In the first quarter of 2016, the operating losses of major Russia airlines amounted to RUB 24 billion ($376 million), the Kommersant reported referring to the Association of Air Transport Operators (AATO).
AATO President Vladimir Tasun informed the paper that the biggest air carriers of Russia posted losses amounting to RUB 25.6 billion in the domestic market, almost RUB 6 billion above the losses in Q1 2015. At the same time, profit from international air transport services was a mere RUB 1.5 billion.
Probably, air companies need government contracts for the transportation of socially vulnerable groups of population, or ease the tax burden for airlines as much as possible, Vladimir Tasun said.
Russia’s airlines suffered several setbacks in 2015 due to a worsening political climate.
Commercial flights to Russian holiday hotspot Egypt were cancelled after the bombing of flight A321 over the Sinai desert in November last year while all commercial flights between Ukraine and Russia were also suspended.
Charter flights to Russian tourist favorite Turkey have also been cancelled for the last eight months, after a Russian jet was shot down by Turkish forces on the border with Syria.

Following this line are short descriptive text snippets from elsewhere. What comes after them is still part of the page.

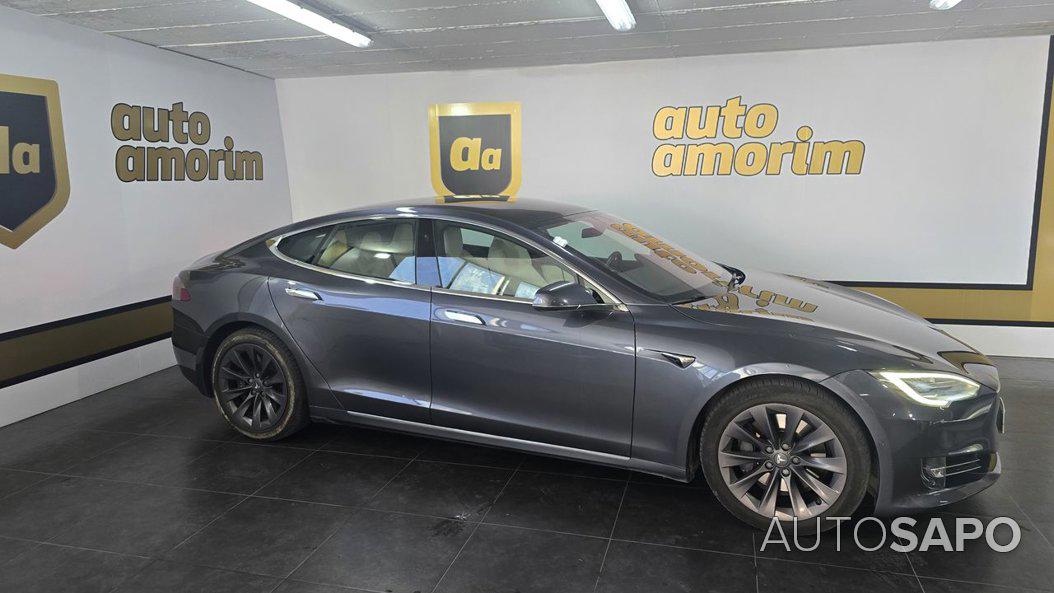 Tesla Model S de 2020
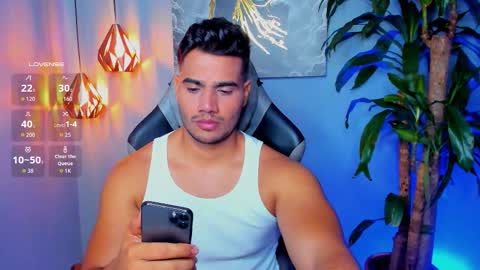 Snapshot of andresfiit chatting on 11.30.25 Andres online show from 11.30.25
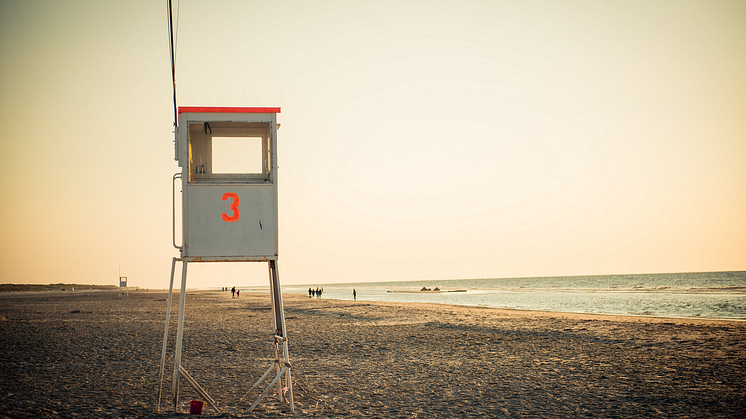 Juist_Rettungsturm_am_Strand_1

Russia’s Transport Ministry announced that charter flights to Turkey are set to resume shortly following an official apology from Turkish President Recep Erdogan for the downed Russian plane.
The plunging value of the ruble has also forced many Russian holidaymakers to stay at home, with oil prices still struggling to gain significant ground. The 2015 closure of Russia’s largest private airline Transaero also contributed to the sector’s overall decline.
Losses on domestic routes totalled 25 billion rubles ($391 million) in the first quarter of 2016, while profits on international routes reaching just 1.5 billion rubles ($23 million). The figures show a substantial jump from the first quarter of 2015, when losses totalled 16 billion rubles ($250 million).
“In the current economy, even a minimal [ticket] price rise would just worsen the situation,” Tasun said.
“What is needed is a more strategic response from the industry and continued state support. It’s obvious that we won’t be able to bring back demand just by raising prices and reopening charter flights to Turkey.”
Experts have warned that airliners need to develop coordinated policies on raising ticket prices and reducing surplus energy supply and overhead costs, Kommersant reported. The Ministry of Transport submitted proposals last month to reduce VAT on domestic passenger flights until the end of 2017, but the plans are yet to be approved.